Ao entrar ao com do clássico "New Gold Dream (81/82/83/84)", Jim viu a sala meio vazia (1/3 vazia, vá) e sem mais, saltou para o público e deu a volta à sala, onde distribuiu bacalhaus, abraços e selfies. O vocalista mostrou-se muito bem disposto ao longo da noite, encaixando uma piada entre temas sempre que possível, seja a imitar o sotaque de Sean Connery, a reflectir sobre o "casamento" de 40 anos com o guitarrista Charlie Burchill, ou a recordar a primeira vez que a banda veio a Portugal, quando em 1980 abriram para "o seu herói" Peter Gabriel no Dramático de "Cascai".
Claro que a tepidez do formato acústico começaria a dar de si e logo no quarto tema da setlist, quando Jim tentou puxar pelo público em "Mandela Day", nada lhe foi devolvido. Foi uma luta que a banda travou durante toda a noite. A favor dos Simple Minds estiveram as canções, que de tão universais (a maioria), funcionam em qualquer roupagem. Porque não tenham dúvidas, os SM são uma banda muito maior que o "legado M80" resumido a dois temas. O arco discográfico da banda escocesa na década entre "Life In A Day" (1979) a "Street Fighting Years" (1989) é tão rico e diverso, que põe no chinelo muitas bandas que saíram dos anos 80 com maior reputação. Mas divago.
Desde então, os Simple Minds aperfeiçoaram ao longo dos anos uma fórmula infalível para os seus concertos: começar com o estrondo de um clássico como "Waterfront" ou "New Gold Dream" (que também abriu ontem na nova roupagem); depois elencar uma sequência do álbum novo; seguir com mais uma marretada de 3 ou 4 clássicos e só depois, com a audiência bem quente, dar espaço a um segmento com arranjos novos, ou um set acústico. Nesta digressão, os SM optaram por fazer um único e longo set acústico e eu não posso deixar de me interrogar porque é que se submeteram a um desafio deste calibre. Se um concerto dos Simple Minds, com os seus altos e baixos, é (ou pode ser) uma experiência tão catártica e explosiva, porquê limitá-lo a algo tão insosso?

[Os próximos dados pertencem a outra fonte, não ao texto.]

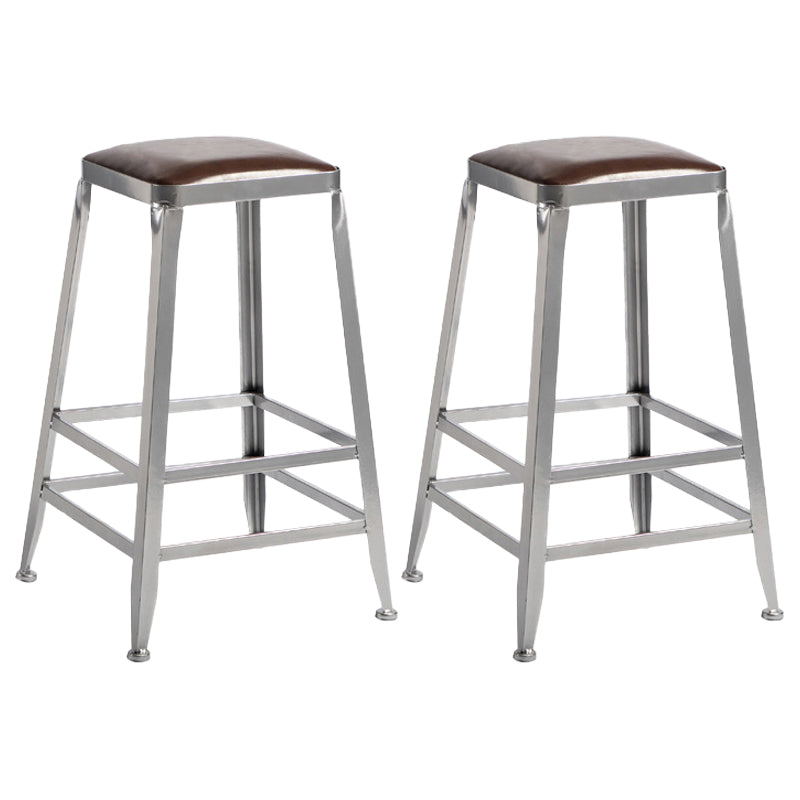 Industrial Bristol Bar and Counter Stool Vintage Brown with Iron Backless 2 Piece Set Counter Stool(26"H) Clearhalo 'Bar Furniture' 'Bar Stools' 'bar_stools' 'furn' 'furn_bar_stools' 'furniture_bar_stools' 'Kitchen & Dining Furniture' 'kitchen&dining_furn' 'kitchen' 'kitchen_furn' Furniture' 4321290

A um determinado ponto no concerto, Jim Kerr sentiu-se na obrigação de explicar ao público que a ideia do acústico nasceu há 20 anos (quando era moda e todas as bandas o faziam), mas que nunca avançou porque a banda achava que ia ser "boring". Acabariam por reconsiderar no ano passado devido a uma oferta muito generosa "em dinheiro e chocolate" de um promotor suíço. Se calhar a banda estava certa.
Em suma, valeu a pena porque foram os Simple Minds e eles têm um lote de canções infalíveis (ainda deu para o Público M80 se levantar em massa lá para o fim com os inevitáveis "Don't You (Forget About Me)" e "Alive And Kicking"), mas poderia ter sido muito melhor. O meu único receio depois deste meio (ou 1/3) de fiasco, é que a banda de Jim Kerr não volte tão depressa a Lisboa.